Marine 'Services'
24 July 2009
The marine "services" industry is quite unlike any other. For some reason, people who work on boats and boat systems are among the most unreliable, unresponsive, least customer-service-oriented and expensive of any. Say we want to spend several thousand dollars for a specific type of safety and comfort equipment that is only distributed by one dealer in the LA area. We call, say we want a quote. Do we EVER get a call back? No. When we first started shopping for a boat, we'd go to boat shows, tell the brokers what we were interested in, and NEVER hear back. Same with buying sails - contact four sailmakers, no one cares enough/wants the business enough to even return the call. How these "services" and companies stay in business is beyond me. Even in THIS ECONOMY, we don't get call backs. And if they DO call back, and do the work - they disappear afterward. Need further help? Too bad, so sad....

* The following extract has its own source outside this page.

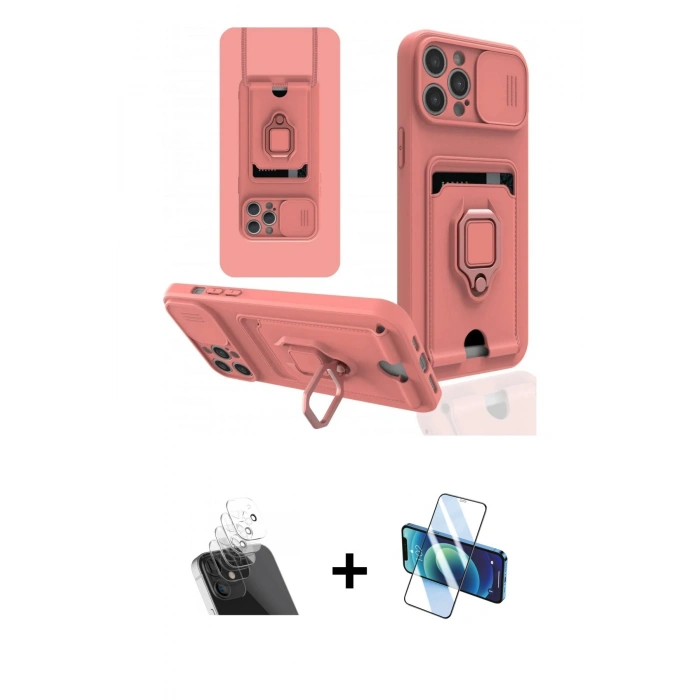 MARSİLYAN™- iPhone 12 Pro Kılıf Vadi Form Prime - Siyah 3D Antistatik Seramik Nano Ekran Koruyucu + Kamera Lens Koruma Cam - SF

Which brings me to the point of today's blog post. One of the things prospective cruisers hear over and over is that "the community of cruisers" and "the people you meet cruising" are one of the true blessings of the experience. Why? Because, as Wendy Mitman Clarke points out in my latest Cruising World, THEY HELP EACH OTHER. She correctly points out that in this country, it usually takes a disaster for people to come together and help one another. In the cruising community, often far from "services" - people help each other. Put out the word on the morning net (or on your blog) of a problem - and people you barely know, or don't know, materialize to offer assistance.
I think it is not only cruisers that experience this WHILE cruising, but that it can also be found in most any boating community. People offer to help. Their time; their expertise; their tools; their spare parts. It is already happening for us - and we always offer to help as we can in return. It's the group equivalent of "pay it forward."
That's the sort of community I am proud to be a part of, and proud to participate in!